Photo Lorenz Seidler / eSel
Ulrike Müller

Ulrike Müller (born 1971, Austria; lives in New York) engages relationships between abstraction and bodies, and a concept of painting that is not restricted to brush and canvas. Employing a wide range of materials and techniques including performance, publishing, and textiles, her work moves between different contexts and publics, invites collaboration, and expands to other realms of production in processes of exploration and exchange.

Müller studied art at the Academy of Fine Arts Vienna, Austria, and participated in the Whitney Museum Independent Study Program, New York.

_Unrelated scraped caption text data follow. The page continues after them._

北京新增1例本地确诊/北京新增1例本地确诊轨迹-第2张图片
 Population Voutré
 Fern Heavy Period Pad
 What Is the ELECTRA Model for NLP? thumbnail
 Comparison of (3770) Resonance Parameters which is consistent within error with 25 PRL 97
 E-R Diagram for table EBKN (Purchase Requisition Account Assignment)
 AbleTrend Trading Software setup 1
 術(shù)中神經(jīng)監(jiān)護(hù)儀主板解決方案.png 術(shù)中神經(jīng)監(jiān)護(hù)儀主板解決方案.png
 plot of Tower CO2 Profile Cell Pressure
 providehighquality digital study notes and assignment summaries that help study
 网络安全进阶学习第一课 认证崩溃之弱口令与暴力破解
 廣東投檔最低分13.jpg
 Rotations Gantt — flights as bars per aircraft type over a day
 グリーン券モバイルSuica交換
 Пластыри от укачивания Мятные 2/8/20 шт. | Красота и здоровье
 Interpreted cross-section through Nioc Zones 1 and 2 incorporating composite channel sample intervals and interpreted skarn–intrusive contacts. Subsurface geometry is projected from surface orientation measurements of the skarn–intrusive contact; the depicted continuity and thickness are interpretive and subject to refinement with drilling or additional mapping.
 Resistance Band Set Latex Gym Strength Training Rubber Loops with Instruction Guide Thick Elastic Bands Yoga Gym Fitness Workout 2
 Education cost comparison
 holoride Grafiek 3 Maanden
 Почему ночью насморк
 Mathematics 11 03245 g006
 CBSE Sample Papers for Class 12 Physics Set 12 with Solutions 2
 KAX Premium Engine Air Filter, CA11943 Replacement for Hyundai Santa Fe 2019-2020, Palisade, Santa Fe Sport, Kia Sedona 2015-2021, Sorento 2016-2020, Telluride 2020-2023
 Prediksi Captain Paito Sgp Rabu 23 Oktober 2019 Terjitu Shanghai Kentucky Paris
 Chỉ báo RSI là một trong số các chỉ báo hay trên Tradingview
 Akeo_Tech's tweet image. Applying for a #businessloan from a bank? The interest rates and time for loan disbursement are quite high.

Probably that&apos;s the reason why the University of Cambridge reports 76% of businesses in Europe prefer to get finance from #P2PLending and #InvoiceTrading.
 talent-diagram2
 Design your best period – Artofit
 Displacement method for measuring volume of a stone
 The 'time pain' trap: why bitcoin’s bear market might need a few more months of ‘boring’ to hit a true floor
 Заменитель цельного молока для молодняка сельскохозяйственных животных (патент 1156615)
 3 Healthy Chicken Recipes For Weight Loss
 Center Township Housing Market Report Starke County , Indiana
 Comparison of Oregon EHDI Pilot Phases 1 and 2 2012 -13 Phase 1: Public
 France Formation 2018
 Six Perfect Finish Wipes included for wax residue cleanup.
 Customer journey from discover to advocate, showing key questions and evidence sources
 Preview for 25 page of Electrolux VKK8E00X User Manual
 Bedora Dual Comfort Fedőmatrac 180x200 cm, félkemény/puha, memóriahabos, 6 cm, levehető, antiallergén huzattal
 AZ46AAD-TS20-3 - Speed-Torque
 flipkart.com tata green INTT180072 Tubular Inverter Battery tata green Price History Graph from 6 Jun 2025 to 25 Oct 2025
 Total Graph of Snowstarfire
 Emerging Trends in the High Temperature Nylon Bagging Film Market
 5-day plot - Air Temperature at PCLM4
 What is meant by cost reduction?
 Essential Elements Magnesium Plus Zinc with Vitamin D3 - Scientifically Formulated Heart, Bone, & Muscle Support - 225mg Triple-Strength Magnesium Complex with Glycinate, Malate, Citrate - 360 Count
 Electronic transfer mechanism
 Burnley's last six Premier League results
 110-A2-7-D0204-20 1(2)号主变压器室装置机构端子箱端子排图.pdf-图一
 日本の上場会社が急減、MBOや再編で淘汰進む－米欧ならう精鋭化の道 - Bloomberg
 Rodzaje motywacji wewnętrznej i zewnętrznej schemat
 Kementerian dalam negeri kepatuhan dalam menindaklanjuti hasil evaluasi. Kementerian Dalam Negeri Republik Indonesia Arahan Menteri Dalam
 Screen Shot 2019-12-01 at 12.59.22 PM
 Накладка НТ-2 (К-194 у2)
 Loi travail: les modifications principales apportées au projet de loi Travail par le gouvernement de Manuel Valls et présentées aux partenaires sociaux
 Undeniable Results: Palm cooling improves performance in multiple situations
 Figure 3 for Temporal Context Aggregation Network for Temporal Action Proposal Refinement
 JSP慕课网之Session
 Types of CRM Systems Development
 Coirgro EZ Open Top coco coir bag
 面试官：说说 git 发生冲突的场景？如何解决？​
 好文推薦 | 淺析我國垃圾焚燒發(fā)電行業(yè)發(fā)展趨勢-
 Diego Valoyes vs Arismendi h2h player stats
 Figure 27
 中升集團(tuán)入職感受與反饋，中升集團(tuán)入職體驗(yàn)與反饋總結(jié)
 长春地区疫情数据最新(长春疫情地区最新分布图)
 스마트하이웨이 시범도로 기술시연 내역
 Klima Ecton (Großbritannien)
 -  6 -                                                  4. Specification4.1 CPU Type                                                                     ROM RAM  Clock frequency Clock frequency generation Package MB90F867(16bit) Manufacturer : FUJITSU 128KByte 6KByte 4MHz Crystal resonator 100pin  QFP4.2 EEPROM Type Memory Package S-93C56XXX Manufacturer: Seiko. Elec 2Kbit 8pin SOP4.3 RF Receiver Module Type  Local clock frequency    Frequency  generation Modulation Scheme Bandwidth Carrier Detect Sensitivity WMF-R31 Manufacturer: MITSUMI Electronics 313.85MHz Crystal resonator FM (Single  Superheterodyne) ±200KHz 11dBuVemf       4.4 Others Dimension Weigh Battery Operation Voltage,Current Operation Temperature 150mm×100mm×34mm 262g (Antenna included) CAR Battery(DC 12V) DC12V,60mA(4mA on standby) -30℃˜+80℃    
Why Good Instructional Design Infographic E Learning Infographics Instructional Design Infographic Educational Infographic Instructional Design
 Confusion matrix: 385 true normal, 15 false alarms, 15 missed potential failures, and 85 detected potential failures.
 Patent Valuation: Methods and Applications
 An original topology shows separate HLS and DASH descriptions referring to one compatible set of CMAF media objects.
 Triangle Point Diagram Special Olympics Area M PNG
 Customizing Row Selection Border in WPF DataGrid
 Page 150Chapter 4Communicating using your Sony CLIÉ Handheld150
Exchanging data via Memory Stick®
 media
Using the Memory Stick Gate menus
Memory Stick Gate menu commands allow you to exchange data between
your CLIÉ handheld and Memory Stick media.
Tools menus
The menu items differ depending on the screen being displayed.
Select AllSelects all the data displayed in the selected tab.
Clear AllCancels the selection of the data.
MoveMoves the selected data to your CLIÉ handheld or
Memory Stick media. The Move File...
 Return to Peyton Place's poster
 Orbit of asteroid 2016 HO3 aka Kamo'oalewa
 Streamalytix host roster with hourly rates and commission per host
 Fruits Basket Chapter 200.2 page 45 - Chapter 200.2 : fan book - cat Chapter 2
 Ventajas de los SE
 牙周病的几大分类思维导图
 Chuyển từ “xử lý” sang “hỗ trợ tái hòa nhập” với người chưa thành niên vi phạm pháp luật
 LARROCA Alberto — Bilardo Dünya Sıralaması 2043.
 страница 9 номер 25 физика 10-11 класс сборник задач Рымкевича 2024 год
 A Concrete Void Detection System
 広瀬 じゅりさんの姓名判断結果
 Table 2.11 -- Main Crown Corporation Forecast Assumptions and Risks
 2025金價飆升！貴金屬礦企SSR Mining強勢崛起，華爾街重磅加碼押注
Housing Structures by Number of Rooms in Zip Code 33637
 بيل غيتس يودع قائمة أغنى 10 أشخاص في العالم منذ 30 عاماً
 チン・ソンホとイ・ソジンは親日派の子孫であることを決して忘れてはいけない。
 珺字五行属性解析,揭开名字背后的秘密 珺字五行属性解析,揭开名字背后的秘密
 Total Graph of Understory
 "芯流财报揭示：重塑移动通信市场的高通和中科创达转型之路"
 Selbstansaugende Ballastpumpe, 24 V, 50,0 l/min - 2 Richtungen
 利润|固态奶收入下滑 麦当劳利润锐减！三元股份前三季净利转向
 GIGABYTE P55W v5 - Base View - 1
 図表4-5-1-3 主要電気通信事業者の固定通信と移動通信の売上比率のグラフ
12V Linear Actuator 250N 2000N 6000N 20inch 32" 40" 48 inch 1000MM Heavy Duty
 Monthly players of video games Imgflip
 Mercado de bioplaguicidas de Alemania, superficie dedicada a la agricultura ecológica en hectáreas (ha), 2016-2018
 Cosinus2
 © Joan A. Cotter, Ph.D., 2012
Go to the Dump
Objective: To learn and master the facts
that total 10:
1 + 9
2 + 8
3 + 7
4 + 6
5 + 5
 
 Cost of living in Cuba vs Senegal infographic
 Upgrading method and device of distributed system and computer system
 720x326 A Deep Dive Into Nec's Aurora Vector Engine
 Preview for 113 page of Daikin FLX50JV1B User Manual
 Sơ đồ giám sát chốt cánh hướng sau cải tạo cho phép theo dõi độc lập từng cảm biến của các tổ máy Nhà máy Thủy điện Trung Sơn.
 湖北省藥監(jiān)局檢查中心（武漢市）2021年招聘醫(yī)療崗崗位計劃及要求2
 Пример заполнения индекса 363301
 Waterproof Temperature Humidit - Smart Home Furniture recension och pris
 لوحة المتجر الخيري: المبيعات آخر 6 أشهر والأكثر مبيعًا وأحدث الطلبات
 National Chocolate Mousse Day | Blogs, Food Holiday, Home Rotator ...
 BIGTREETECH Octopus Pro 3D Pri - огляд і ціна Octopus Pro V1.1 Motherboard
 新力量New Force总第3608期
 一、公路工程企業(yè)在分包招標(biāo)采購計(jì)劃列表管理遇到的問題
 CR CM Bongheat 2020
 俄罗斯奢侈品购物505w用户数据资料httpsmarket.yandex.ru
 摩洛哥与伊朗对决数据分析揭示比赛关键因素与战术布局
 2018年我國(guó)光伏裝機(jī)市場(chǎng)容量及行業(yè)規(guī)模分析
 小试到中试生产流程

Müller’s work is currently on view in the exhibition Yesterday, Today, Today, at Kunstraum Buchberg, Austria, and will be featured in the 57th Carnegie International at the Carnegie Museum of Art, Pittsburgh, PA. Most recently, she has participated in major group exhibitions including the Whitney Biennial (Whitney Museum of American Art, New York, 2017); Trigger: Gender as a Tool and a Weapon (New Museum, New York, 2017); Invisible Adversaries (Hessel Museum of Art, New York, 2016); and Painting 2.0 (Museum Brandhorst Munich 2015 and Mumok, Vienna 2016). Her solo exhibition at the Kunstverein Düsseldorf, titled Container, will open in November 2018. Müller has also had solo exhibitions at Callicoon Fine Arts in New York (2014, 2016); Mumok – Museum of Modern Art Ludwig Foundation (2015), and Kunstraum Lakeside (2014), both in Austria. At Mumok, Müller co-curated the collection exhibition Always, Always, Others with Manuela Ammer. The book, Always, Always, Others was published on the occasion of Müller’s exhibitions at Mumok by the museum and Dancing Foxes Press (2017). In 2010, Müller represented Austria in the Cairo Biennial. She was a co-editor of the queer feminist journal, LTTR (2001–06), and organized Herstory Inventory. 100 Feminist Drawings by 100 Artists, a collaborative project that was exhibited together with objects from the respective collections at the Brooklyn Museum and at the Kunsthaus Bregenz in 2012.